One Canonry should be assigned to a Scholar. Another Canonry should be given to a Priest great in educational work; a third to one who has had experience in and who can give his time to conducting Missionary work in the diocese; a fourth should be given to a Priest who is a powerful preacher. In fact the Canons ought all to be more or less eloquent in the pulpit, and together they might form a nucleus of a band of preachers to go forth throughout the diocese from time to time to help the overworked clergy in country parishes.

It would be a great boon and productive of much good to the Church if in every Diocese there was a body of Preachers attached to every Cathedral who made it their special mission to carry on the work above referred to, for no matter what may have sufficed in the past, there is no doubt that it is high time now that the outward forms of ease, dignity, respectability, and exclusiveness, attached to the position of a Canon Residentiary in our English Cathedrals, were exchanged for the graces of practical usefulness, real Diocesan work, and self-denying labour.

Perhaps the most important reform which is needed at the present day in the Church of England is that due care and a truly conscientious discharge of duty on the part of ecclesiastical and lay patrons in adminstering preferments be observed.

There appears to be no system whatever in dispensing Church Patronage.
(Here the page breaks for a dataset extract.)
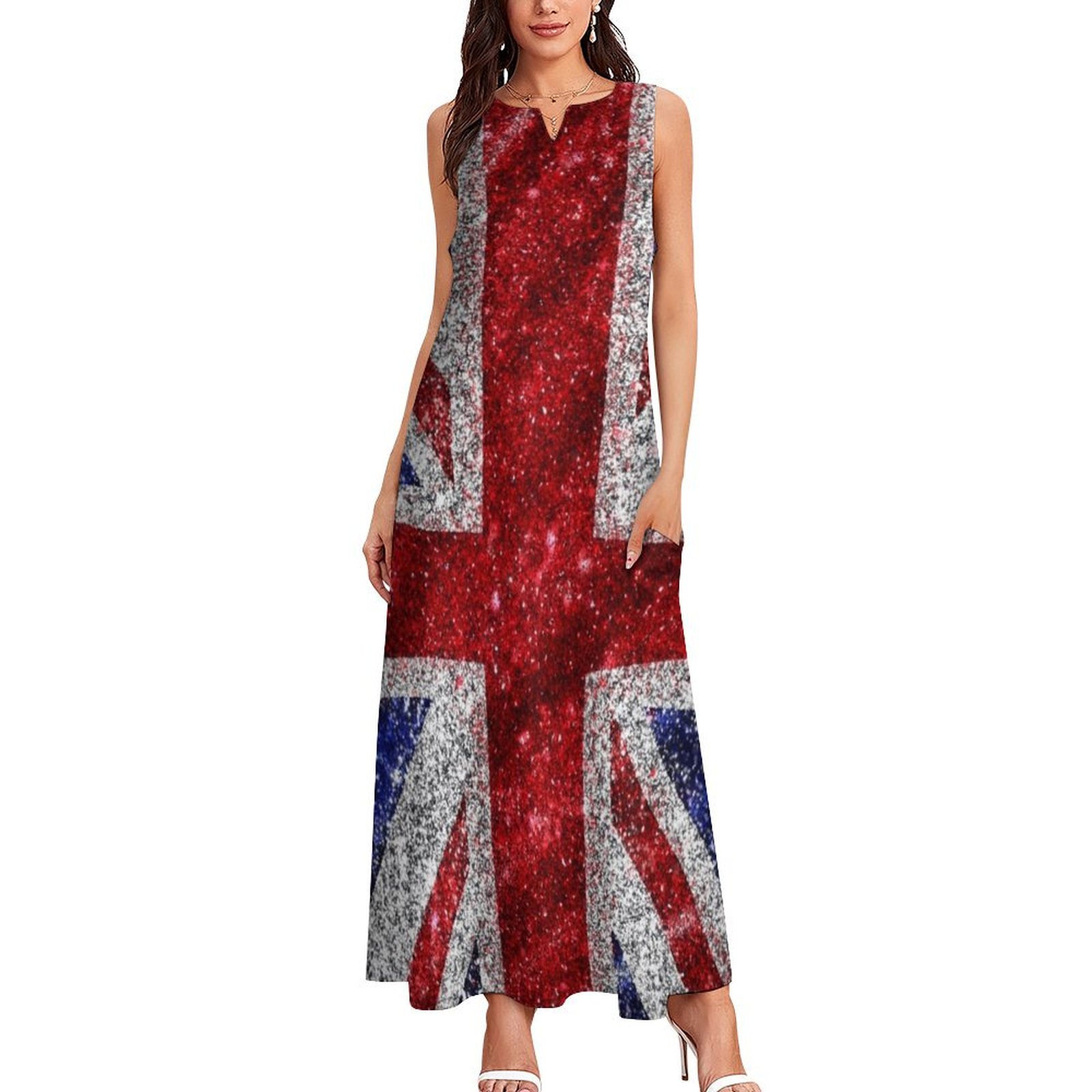 Sahte Glitter Union Jack Bayra - Summer Clothing Women Uk incelemesi ve fiyatı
If the Church of England was a pocket borough, a close Corporation, or a family estate, then no fault could be found in the friends or partisans of either being promoted to her benefices; but as the Church was instituted by its Founder for the spiritual welfare of those for whom He died, it is clear that the administration of Patronage is one of the highest trust, and any breach of that trust is an act of defiance to the will of Christ, and a complete prostitution of the worthiest aims to the basest and meanest ends.

For what can be more scandalous than the appointment of young Priests to the charge of large and important parishes, or in short to any independent position in the Church when they have had no time, owing to their youth and want of experience, to acquaint themselves with the manifold duties and responsibilities appertaining to the work of a parish in the Church of God. The Bishops themselves should take up this most important matter of reform, and ought to act together on a fixed

principle in the administration of their patronage, and never bestow a benefice or any other ecclesiastical dignity upon a clergyman until he has been at least six years in Priest's orders. Lay patrons would to a great extent be disposed to follow such an excellent example, and the Church would soon cease to bemoan the appointment of young and inexperienced Priests to livings which so frequently takes place in the present day, and is disastrous to the welfare of the Church.
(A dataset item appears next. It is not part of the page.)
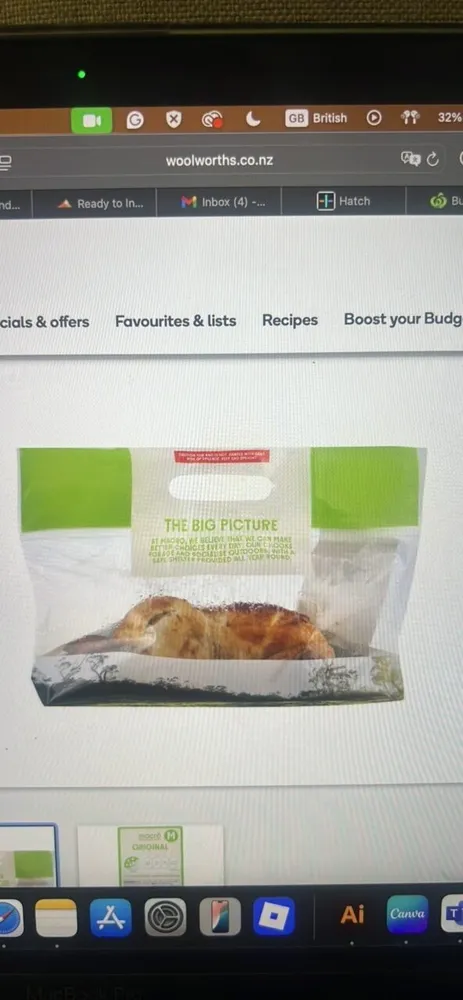 Free Range New Zealand Hot Roast Chicken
A young clergyman, with no other qualifications than those of a mere worldly kind, is frequently regarded as eligible for preferment. He has private means of his own, he may have married a rich wife, or he may be related to some ecclesiastical dignitary. Either of these qualifications are considered a good and sufficient reason for placing him in a position of the most solemn trust and responsibility when he himself is totally unfitted for it. I say it without any fear of contradiction, at least from parishioners, that no Priest ought to have a benefice conferred upon him before he has had some years' experience in parochial work and possesses a fair share of pulpit ability; but under the present system of patronage these all important qualifications are too frequently considered of inferior moment to those above mentioned, viz., those of an entirely worldly kind.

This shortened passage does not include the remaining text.